◆ ABOUT THIS TASK:
What you produce should match the records below precisely, except that images are removed.

(MATERIAL FOR THIS TASK Opens)

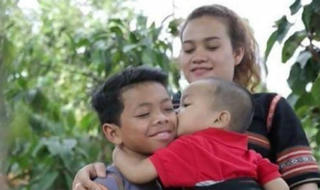 “Bông hoa rừng” giành lấy những đứa trẻ bị chôn sống về làm con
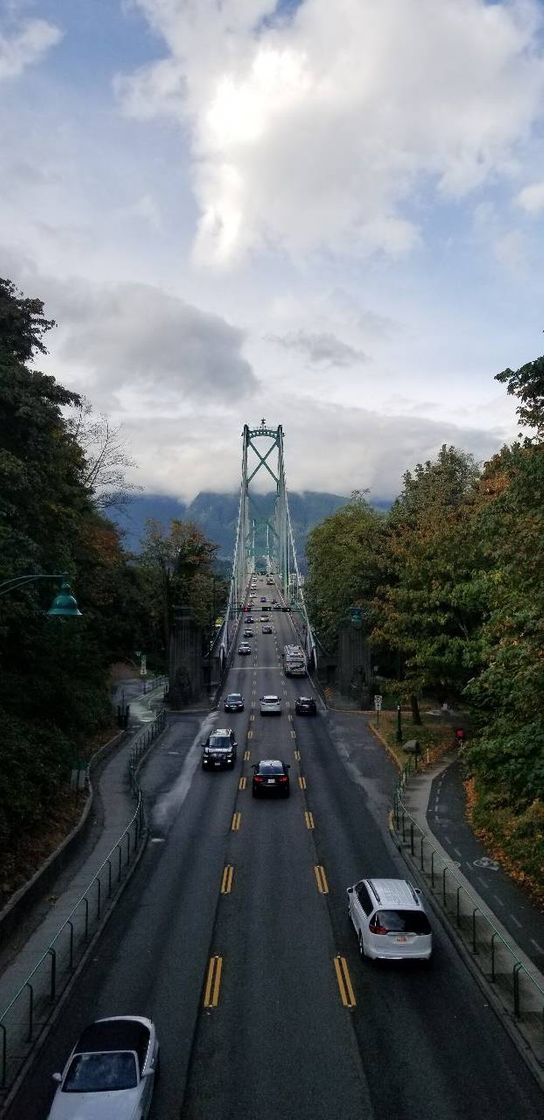 Lugares Lions Gate Bridge Road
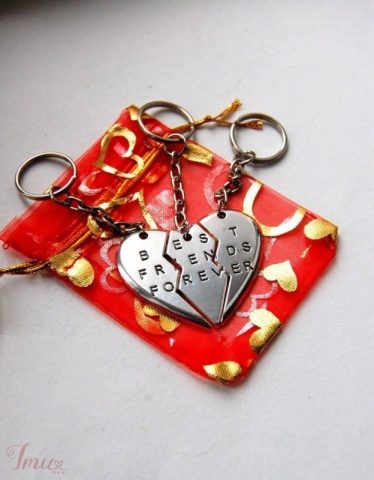 imusau.lt | parduodama Raktu pakabuku rinkinys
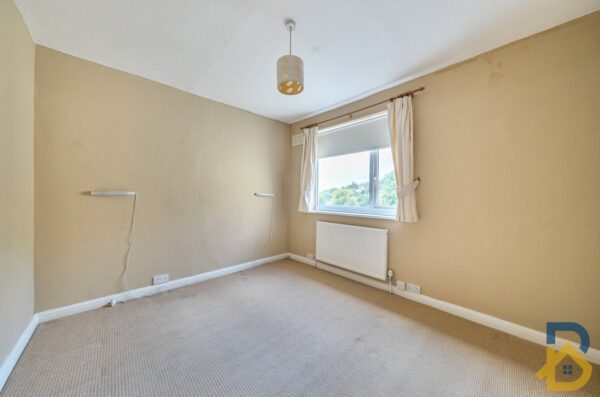 Warren Drive, Hornchurch, RM12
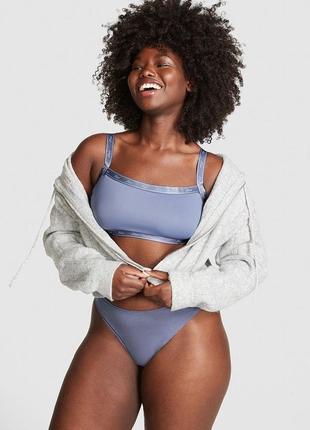 Victoria´s victorias secret виктория сикрет спортивный топ бралетт micro logo straight-neck bralette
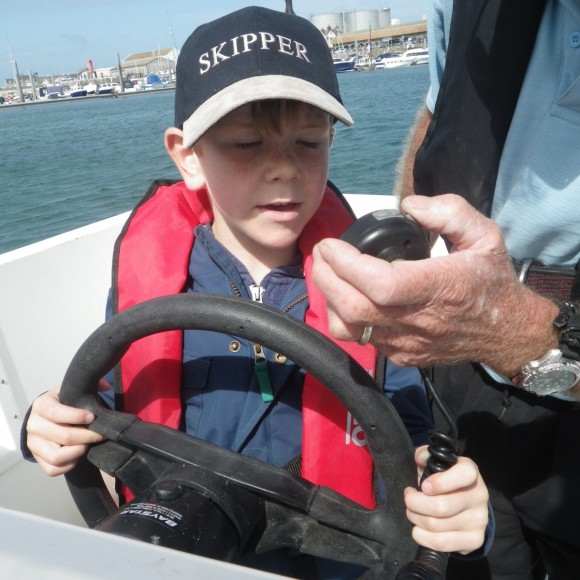 Teaching Seth to boat handle 29-08-14 (18)
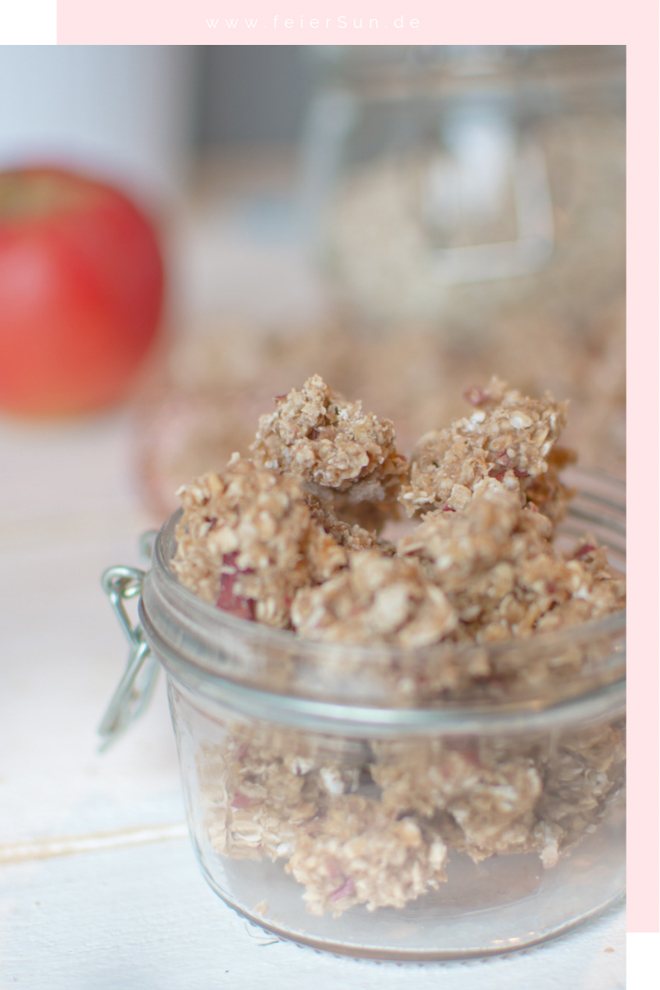 apple Energy Balls | Total leckere Energiekuglen sind Apfelsnacks als Energiebällchen vegan und gesund. Ein kinderleichtes Rezept mit Energie für die ganze Familie - nicht so süß, aber dennoch super lecker. Leckere Energiekugeln. | #feierSun #vegan #feierSunFood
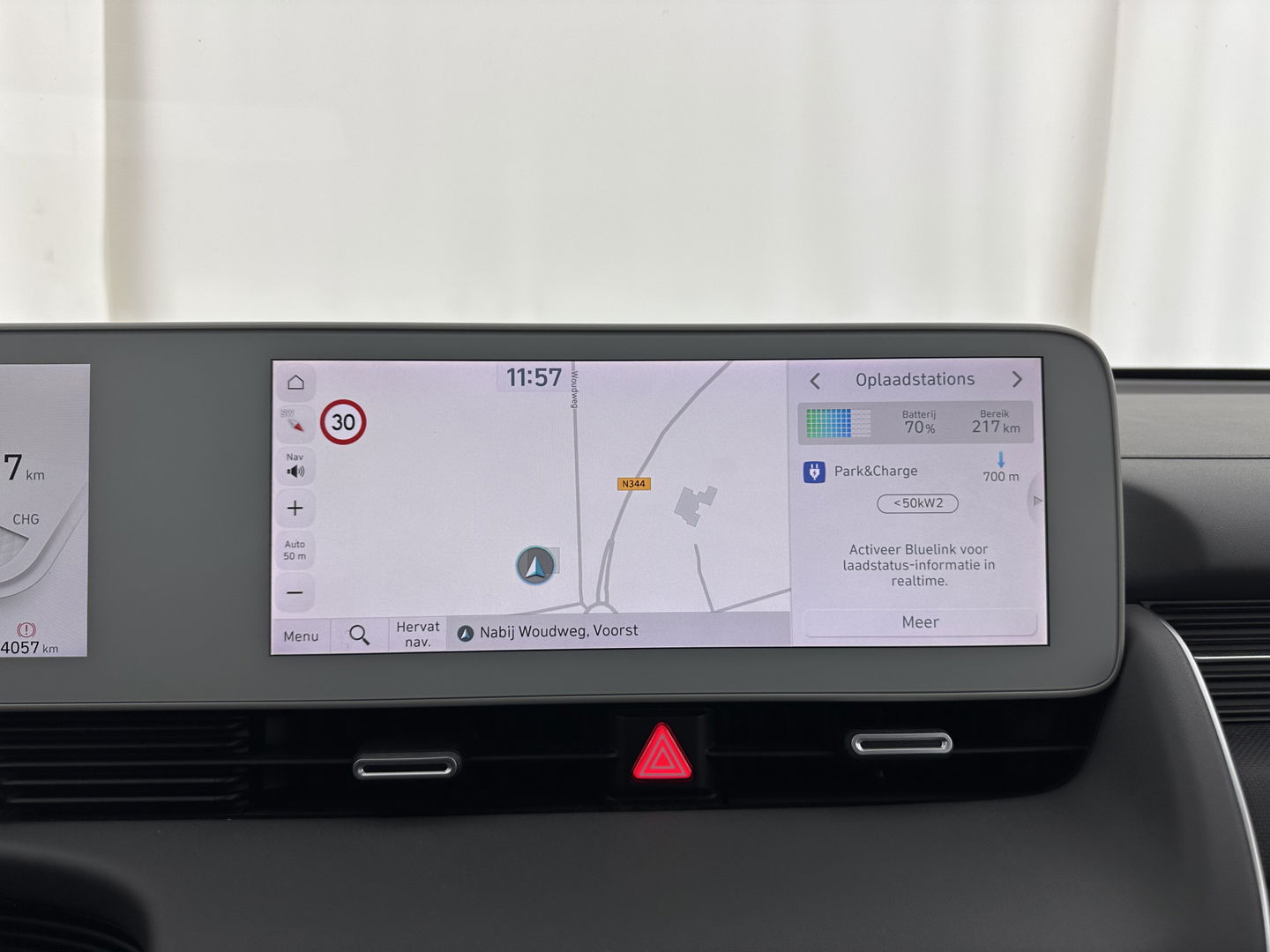 Hyundai IONIQ 5 Lounge 73kWh [ 3-Fase ] {SOH-98%} (INCL-BTW) Aut *HEAD-UP | HEATPUMP | LEATHER | PREMIUM-AUDIO | FULL-LED | ADAPTIVE-CRUISE | BLIND-SPOT | DIGI-COCKPIT | AMBIENT-LIGHT | DAB | SHIFT-PADDLES | HEAD-UP | NAVI-FULLMAP | KEYLESS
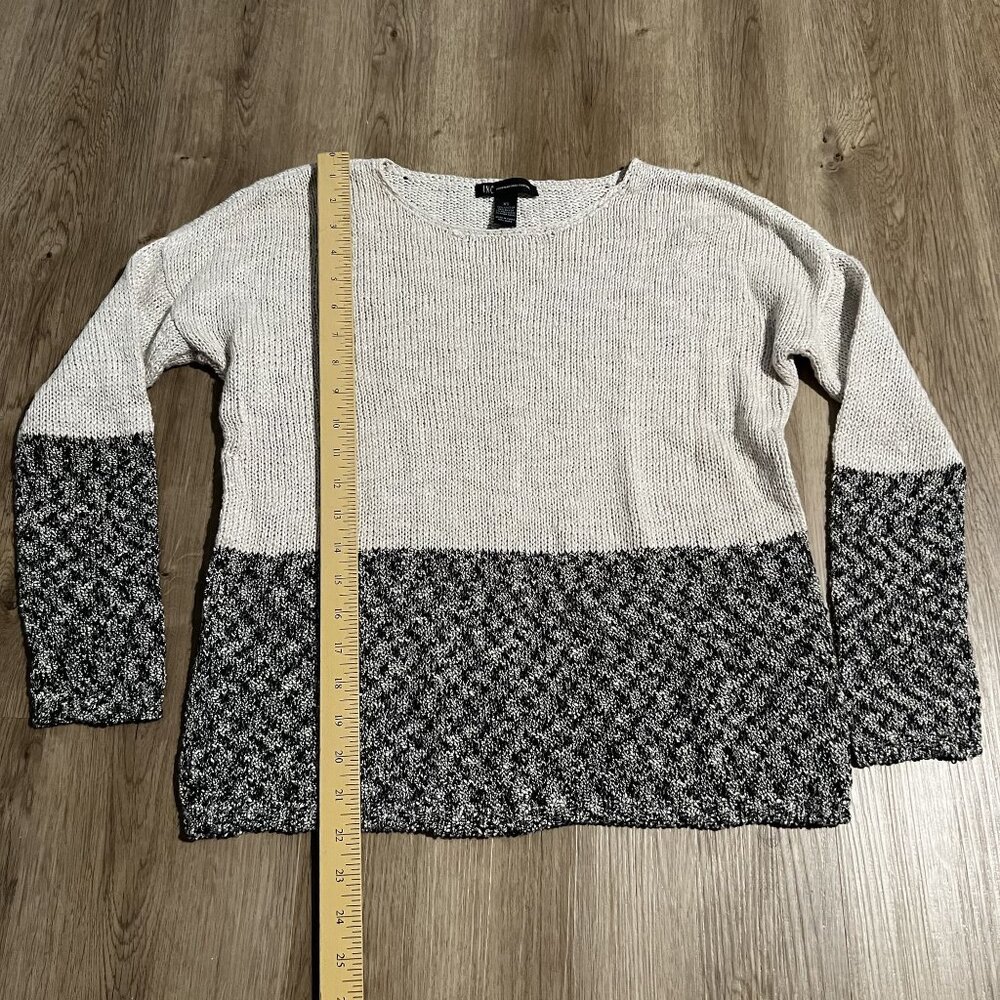 NWT INC Womens XS Two-Tone Long-Sleeve Sweater Silver, white, black NEW - Picture 5 of 8
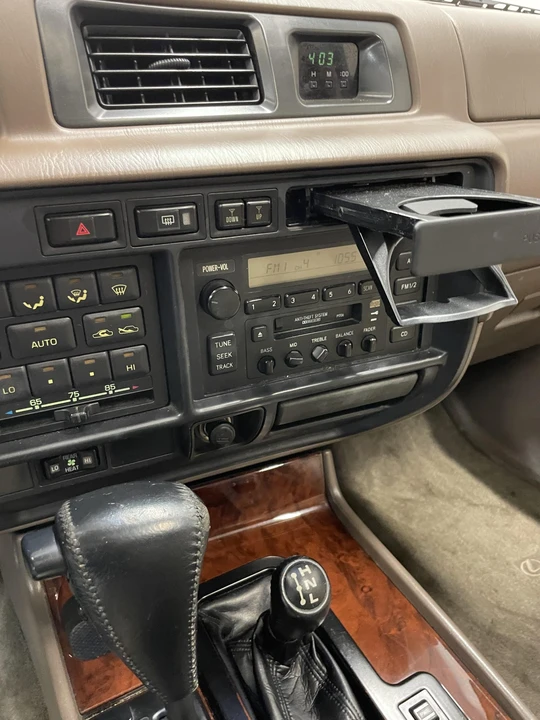 1996 Lexus LX 1st Gen - Image 26 of 31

(MATERIAL FOR THIS TASK Closes)

◆ THE COMPLETED TASK:
 “Bông hoa rừng” giành lấy những đứa trẻ bị chôn sống về làm con
 Lugares Lions Gate Bridge Road
 imusau.lt | parduodama Raktu pakabuku rinkinys
 Warren Drive, Hornchurch, RM12
 Victoria´s victorias secret виктория сикрет спортивный топ бралетт micro logo straight-neck bralette
 Teaching Seth to boat handle 29-08-14 (18)
 apple Energy Balls | Total leckere Energiekuglen sind Apfelsnacks als Energiebällchen vegan und gesund. Ein kinderleichtes Rezept mit Energie für die ganze Familie - nicht so süß, aber dennoch super lecker. Leckere Energiekugeln. | #feierSun #vegan #feierSunFood
 Hyundai IONIQ 5 Lounge 73kWh [ 3-Fase ] {SOH-98%} (INCL-BTW) Aut *HEAD-UP | HEATPUMP | LEATHER | PREMIUM-AUDIO | FULL-LED | ADAPTIVE-CRUISE | BLIND-SPOT | DIGI-COCKPIT | AMBIENT-LIGHT | DAB | SHIFT-PADDLES | HEAD-UP | NAVI-FULLMAP | KEYLESS
 NWT INC Womens XS Two-Tone Long-Sleeve Sweater Silver, white, black NEW - Picture 5 of 8
 1996 Lexus LX 1st Gen - Image 26 of 31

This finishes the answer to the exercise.